=== WHAT THIS TASK INVOLVES ===
Copy out the data in full and exactly, passing over the pictures.

*** Opening DATA ***

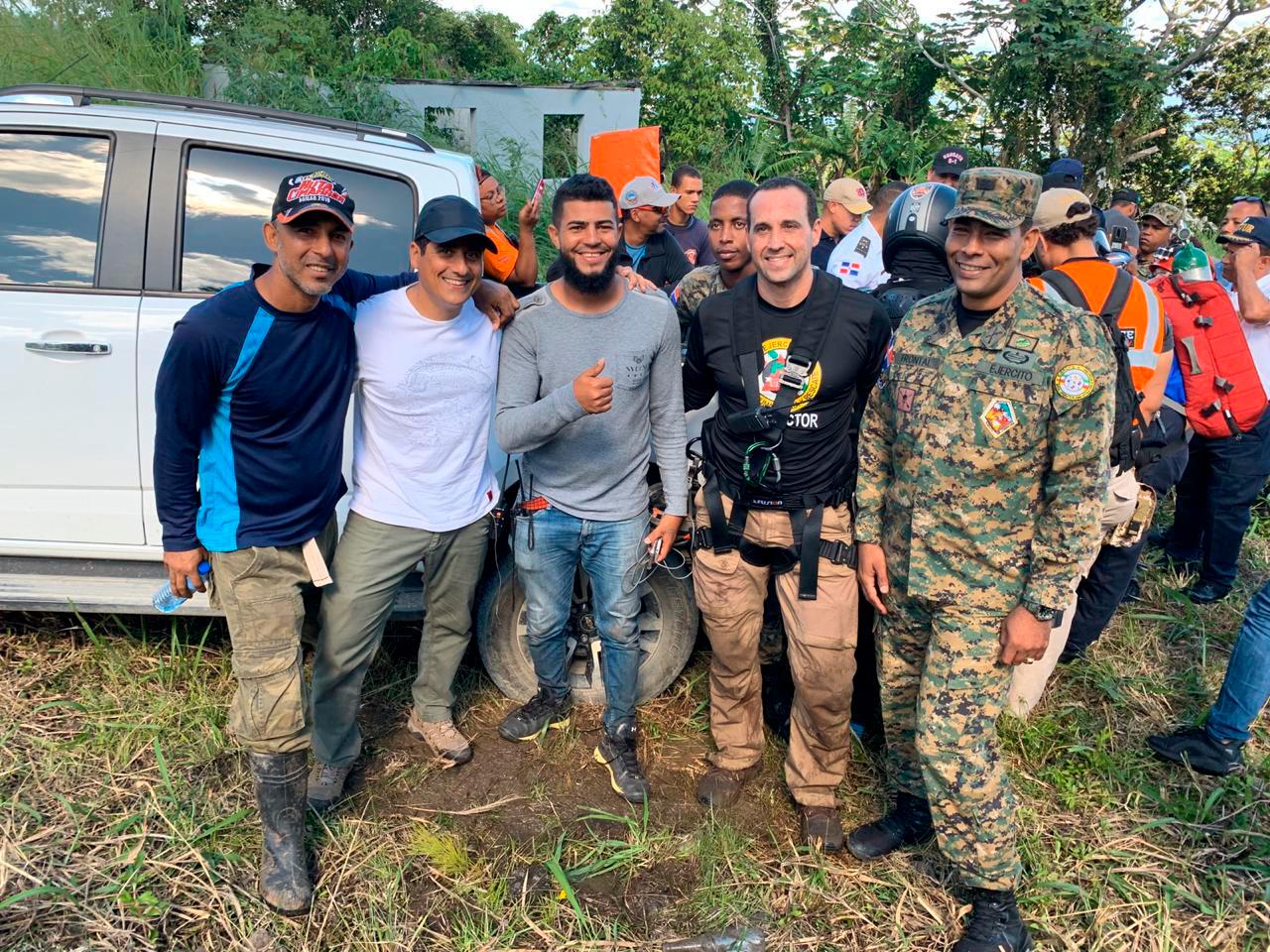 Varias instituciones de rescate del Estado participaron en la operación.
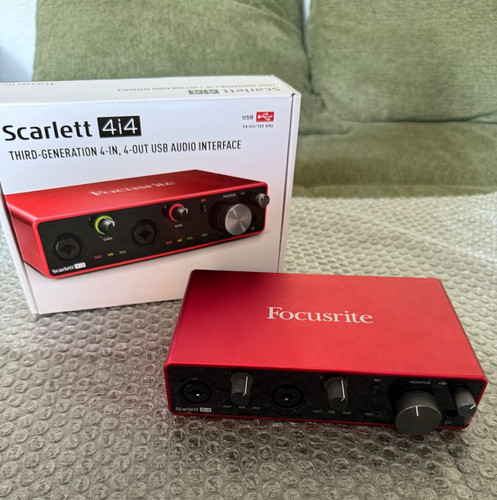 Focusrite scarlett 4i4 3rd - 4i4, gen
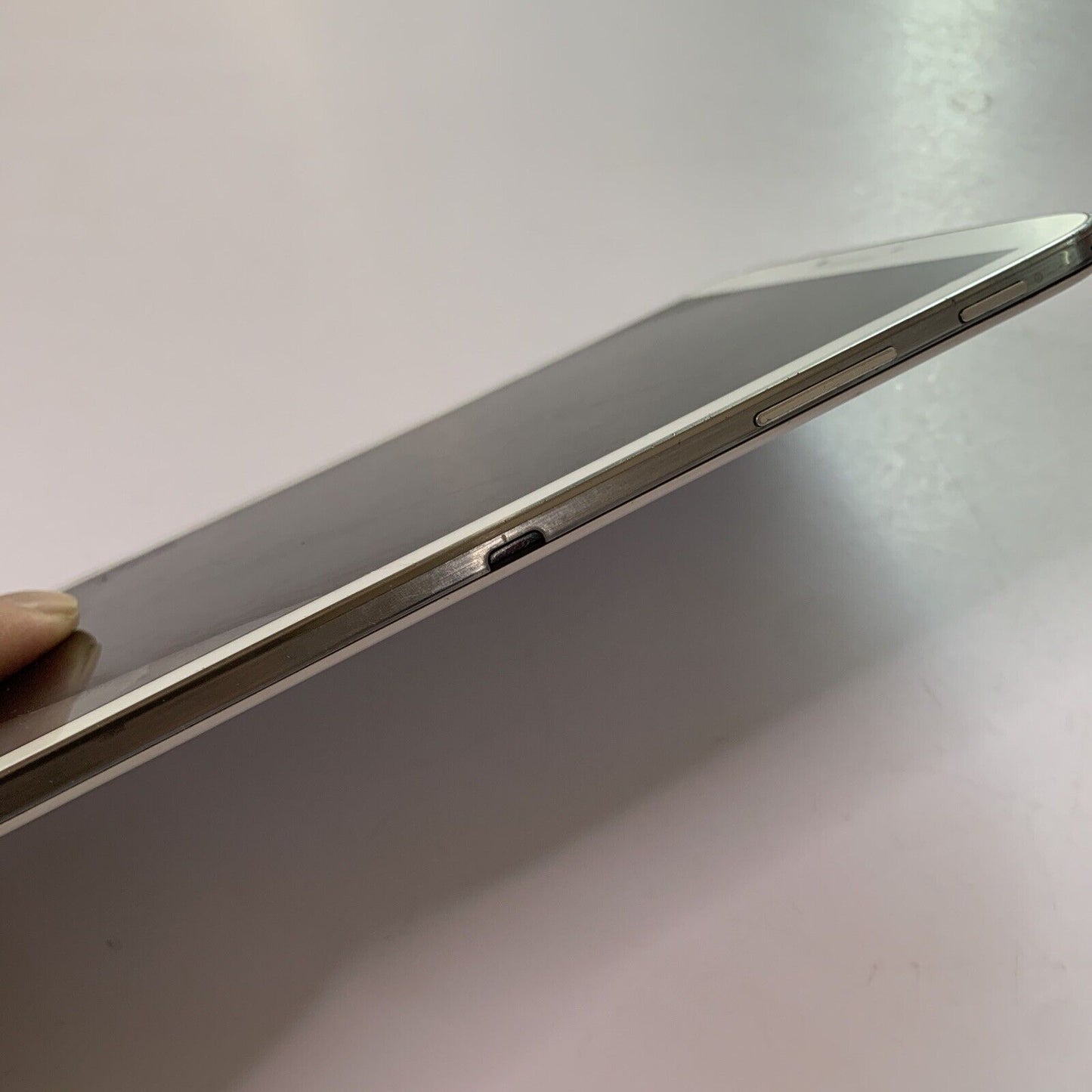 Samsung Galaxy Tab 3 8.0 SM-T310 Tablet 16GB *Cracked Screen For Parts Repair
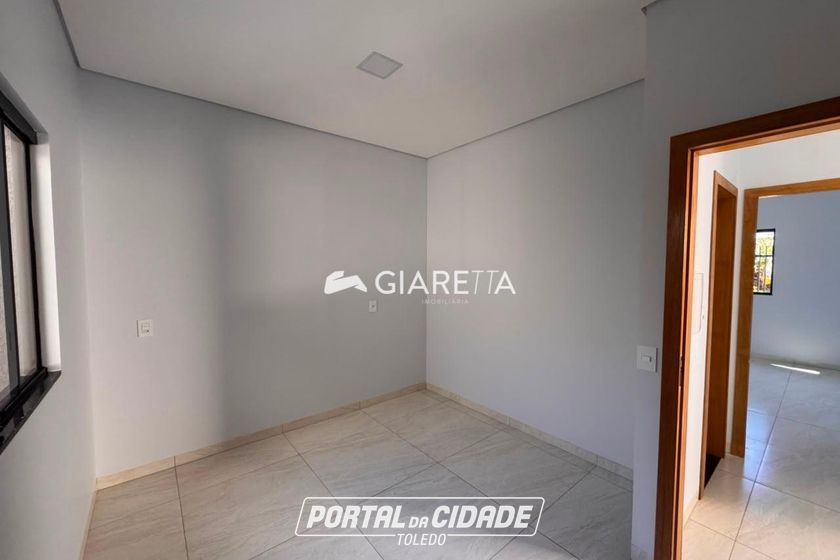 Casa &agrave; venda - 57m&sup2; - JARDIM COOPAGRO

*** Closing DATA ***

=== TASK RESPONSE ===
 Varias instituciones de rescate del Estado participaron en la operación.
 Focusrite scarlett 4i4 3rd - 4i4, gen
 Samsung Galaxy Tab 3 8.0 SM-T310 Tablet 16GB *Cracked Screen For Parts Repair
 Casa &agrave; venda - 57m&sup2; - JARDIM COOPAGRO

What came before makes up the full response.